OAKLAND — A the tail end of the Golden State Warriors’ first practice of the second half, Kevin Durant was off on his own court while the vast majority of the squad scrimmaged behind a giant blue screen that dissected the club’s practice facility.
By the time he addressed the media, Durant was drenched in sweat. Famed for his work ethic and tireless practice routines, he is ready to attack the final stretch.
When a reporter asked about all the problems plaguing the Warriors during the runup to the All-Star break, Durant bristled at the premise.
“All the issues? I mean, we’ve got 44 wins though,” Durant retorted.
At 44-14, the Warriors enter the final 24 games in unfamiliar territory, staring up at the Houston Rockets for the top spot in the Western Conference, half a game back.
Durant oozed confidence, never expressing an ounce of concern. The nine-time All-Star talked of tightening up schemes, switching up pick-and-roll coverages and finding new ways to facilitate the offense.
“Now, I know it’s not Warriors of the last few years, as far as the record is concerned,” Durant conceded. “But we’re still a damn good team. And I’m not going to sit here and let anybody say that we’re struggling or hang our heads because we lost a few [games]. We’re still a damn good team.”

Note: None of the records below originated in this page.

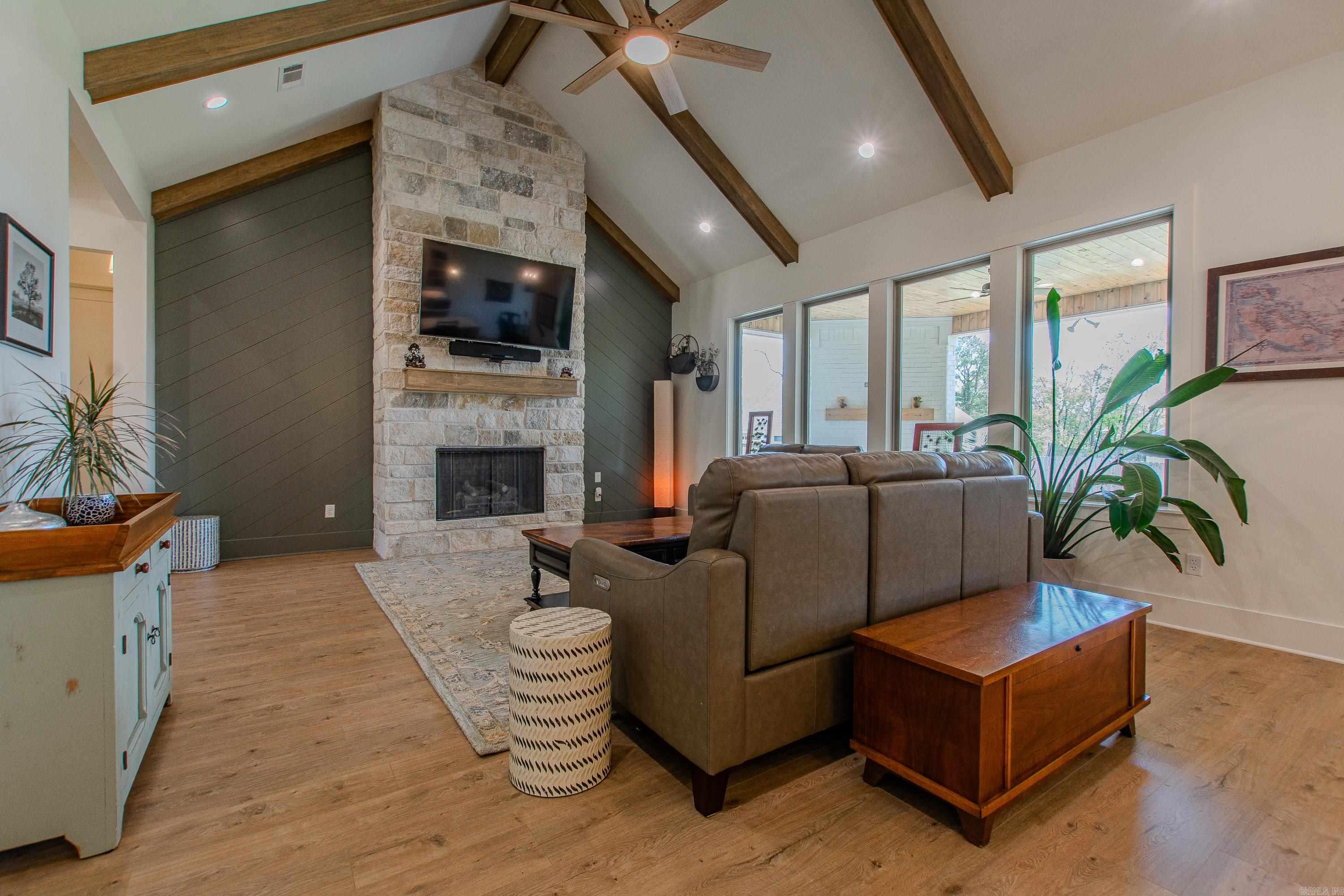 THE POINTE HURRICANE ESTATES - Residential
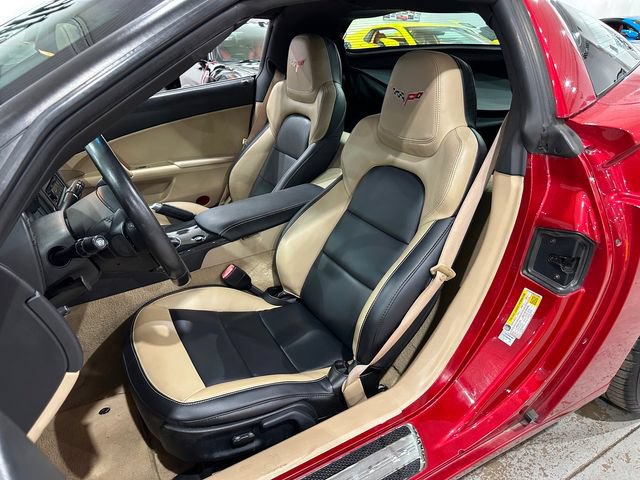 Used 2012 Chevrolet Corvette Coupe w/ 2LT Preferred Equipment Group RWD image 19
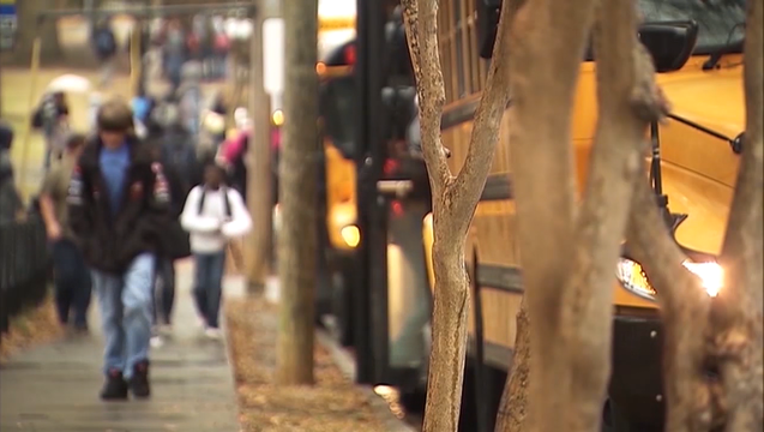 kids getting on buses SCHOOL generic 6P_00.00.04.15_1489617574952.png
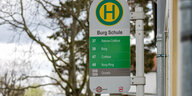 Bushaltestellenschild "Burg Schule"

Like Durant, Draymond Green was back in the building, feeling as confident and invigorated as ever.
“Practice was really good,” Green said. “I think everybody came back with fresh new energy — ready to go [and] guys [were] locked in.”

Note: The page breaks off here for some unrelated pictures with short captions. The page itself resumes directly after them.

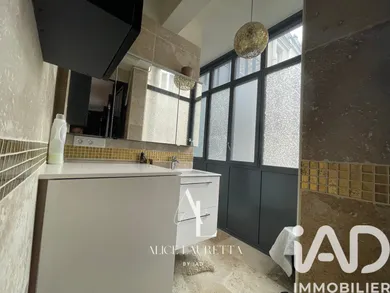 Apartment in Paris (75009)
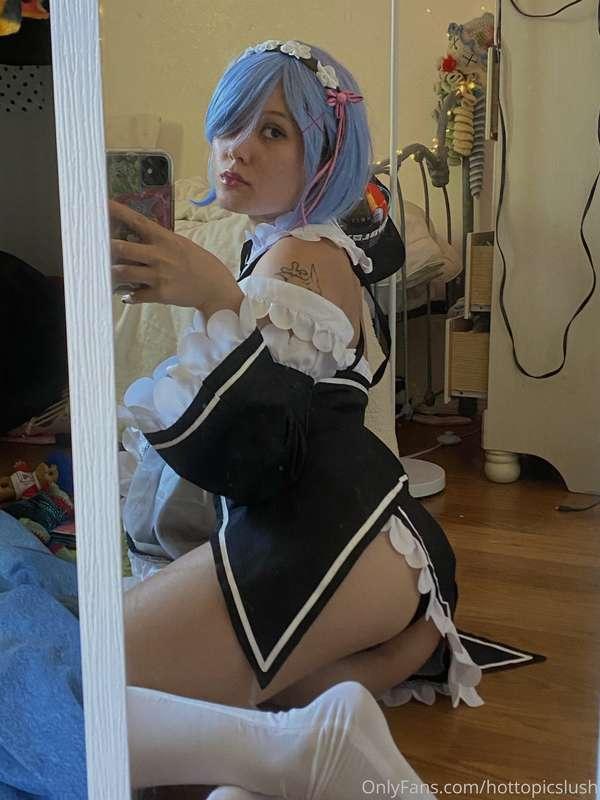 who wants a custom in this cosplay?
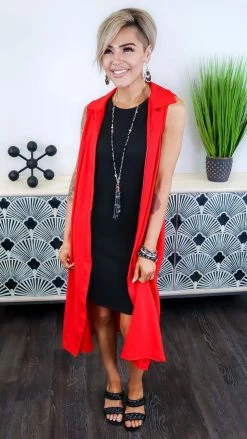 The ZigZag Stripe OUTERWEAR Red More To Tell Vest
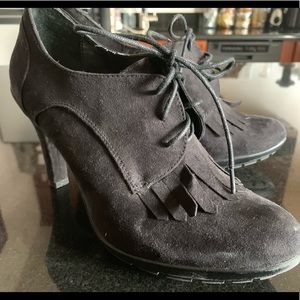Tahari black suede booties size 8M. New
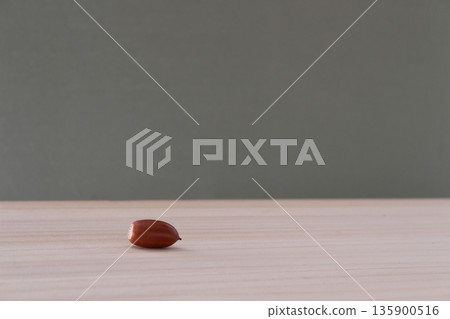 Autumn image background (one acorn close-up) [simple, natural, copy space] 135900516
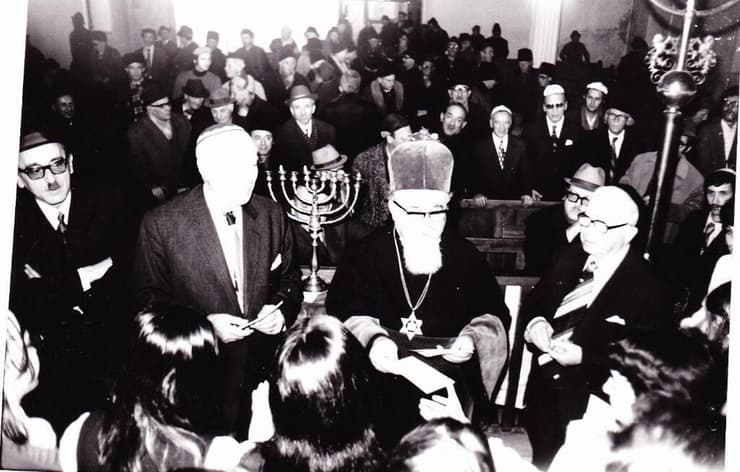 הדלקת חנוכייה. הרב רוזן מימין לחנוכייה (צילום: אדוארד סרוטה - המחלקה לתרבות, אומנות ומדיה בפדרציה של הקהילות היהודיות ברומניה) הדלקת חנוכייה. הרב רוזן מימין לחנוכייה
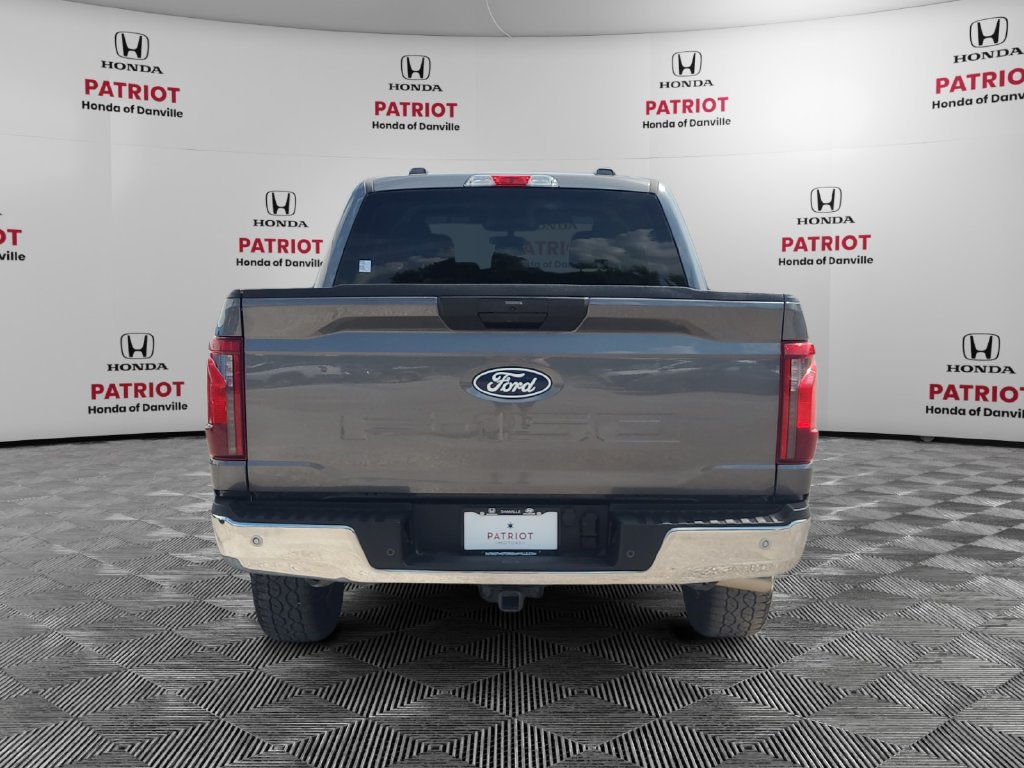 Used 2025 Ford F150 XLT w/ Equipment Group 301A Standard AWD/4WD image 4
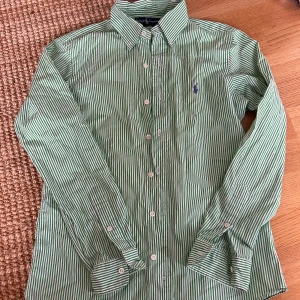 Ralph Lauren skjorta - Säljer Ralph lauren skjorta, grön och vit randig. Fint skick! Storlek S i man. 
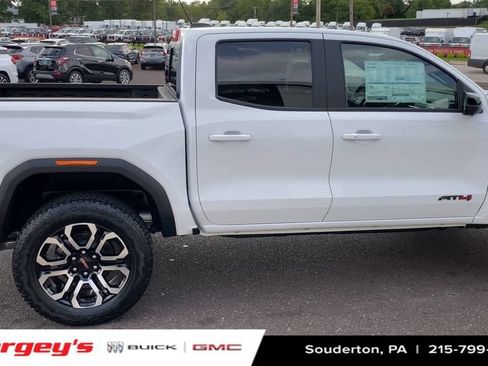 New 2026 GMC Canyon AT4 w/ Technology Plus Package AWD/4WD image 10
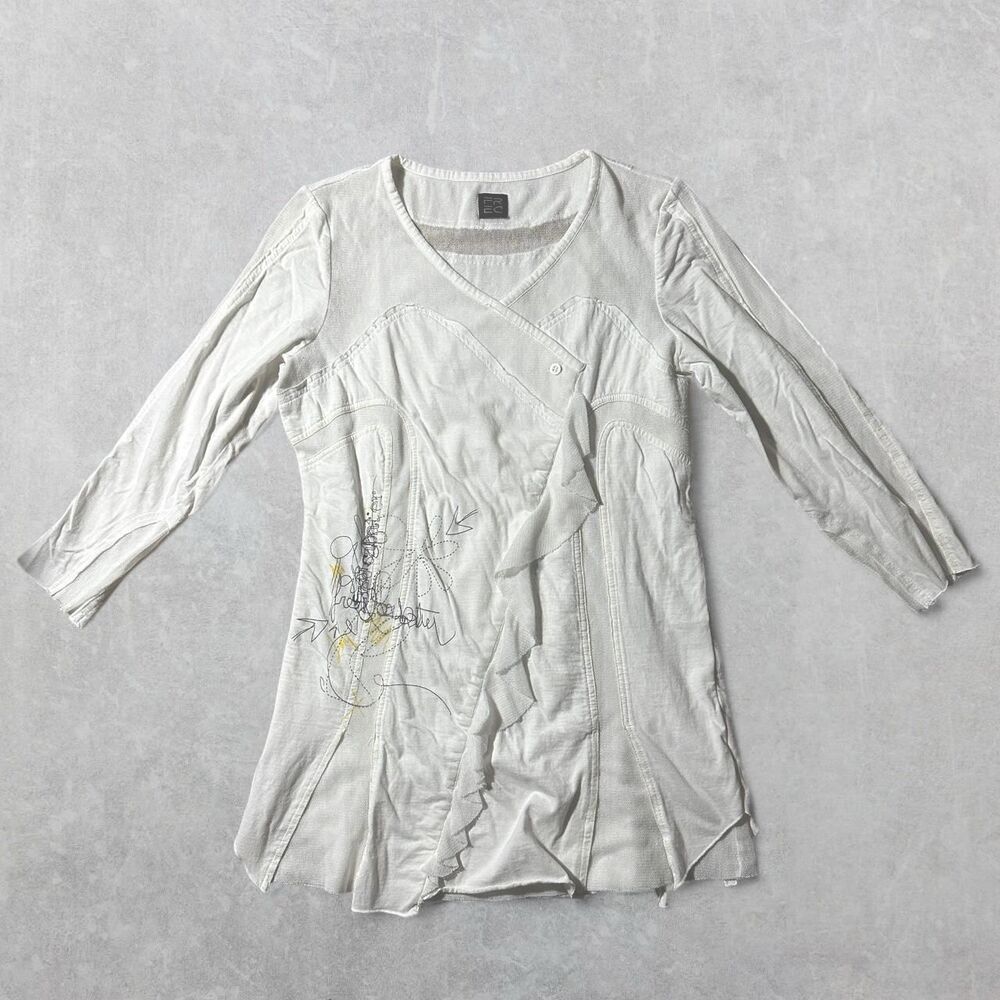 Frec Euro-Style White Quarter Sleeve Top with Mesh Panels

Green, who like Durant had spent part of the break in Los Angeles for All-Star Weekend, was also sure to get his rest.
“Just chilled. Kicked back,” Green said when asked how he passed his free time.
Steve Kerr, fresh off his trip to Hawaii, sported a beard — or what counts as such for the usually clean-shaven head coach. A silver stubble glistened across his face as he addressed basketball — and social topics, like gun control — with his usual aplomb.

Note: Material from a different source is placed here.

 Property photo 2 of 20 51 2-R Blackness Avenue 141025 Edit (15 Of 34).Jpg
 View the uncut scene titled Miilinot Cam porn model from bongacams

“It was a good practice,” Kerr said. “We know our flaws. We know where we’ve been failing and we know what we need to do to get things going again and I think our guys have a pretty good feel for that and I think we’ll play play well.”
It’s no secret what afflicted the Warriors during a lackluster stretch leading into the break. The turnovers were too frequent, the starts were too slow and the defense was too lax. Green said as much as he surveyed the court — where Durant was busy getting up shots — on Wednesday night.
But for a team that for too long has been stricken with a malaise, the finish line is finally out on the horizon.
“It seems to take forever for 24 games to happen between January and the All-Star break,” Kerr said. “And 24 after that go by pretty fast.”
Twenty-four games. That’s all that stands between the Warriors and when it really counts.
“Now you know what you’re working towards,” Green said. “We know where we need to be. We know what it takes to win a championship. To know now that we’ve got 24 games as a team to get better and get ready for the playoffs, it gives a little life.”